Kinloss in Moray was the warmest place in the country as the mercury soared to 27.6 degrees Celsius.
It was closely followed by Fyvie in Aberdeenshire, which was treated to a scorching 27.3 degrees.
Beaches and parks across the region were packed with sun worshippers as the summer heat continued.
Other hot spots in the north included Cassley in Sutherland which enjoyed highs of 27 degree and Stornoway where highs of 18.5 degrees were recorded.
The temperatures were, however, still some way off the UK high of 33.6 degrees recorded at Heathrow.
Forecasters predict record-breaking July temperatures of up to 37 degrees before the end of the week.
There have been renewed warnings about the heat, with people urged to stay hydrated, find shade and take protection against the sun.
Charities have also warned against leaving infants, young children or animals in vehicles – even for a few minutes.
But forecasters said the sun will briefly give way to thunderclouds this morning, with lightning storms right through the rush hour in the north and north-east of Scotland.
The area experienced similar conditions last week, resulting in flash flooding and thunderstorms.
Met Office forecaster Luke Miall said: “The greatest risk in Scotland will be in the early morning and the thunder and lightning should clear through the morning.
“It might not be quite as hot as it was on Monday, but it should still reach around 27 degrees Celsius in the far north-eastern corner of the country.”
A yellow weather warning from the Met Office for thunderstorms came into force for much of the UK mainland at 6pm last night.
It was expected to remain in force until 9am.
This prompted the Scottish Environment Protection Agency (SEPA) to issue a flood alert for the whole country.

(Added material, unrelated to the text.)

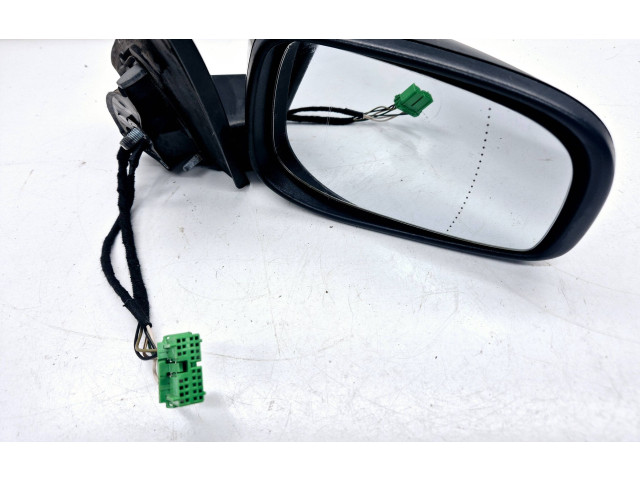 Зеркало электрическое        Volvo V70  2000 - 2004 года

Low-lying areas were most likely to be affected, flooding properties and potentially affecting roads and transport links, forecasters said.
But Mr Miall said the storms would not bring an end to the sweltering weather.
The meteorologist added: “Thursday should be the peak of this hot spell and we could expect highs of 30 degrees in the central belt.
“In the north, the Moray coastline will probably be the warmest again.
“We might have temperatures of 28 or 29 degrees around Lossiemouth, while it will be in the low-mid twenties elsewhere.”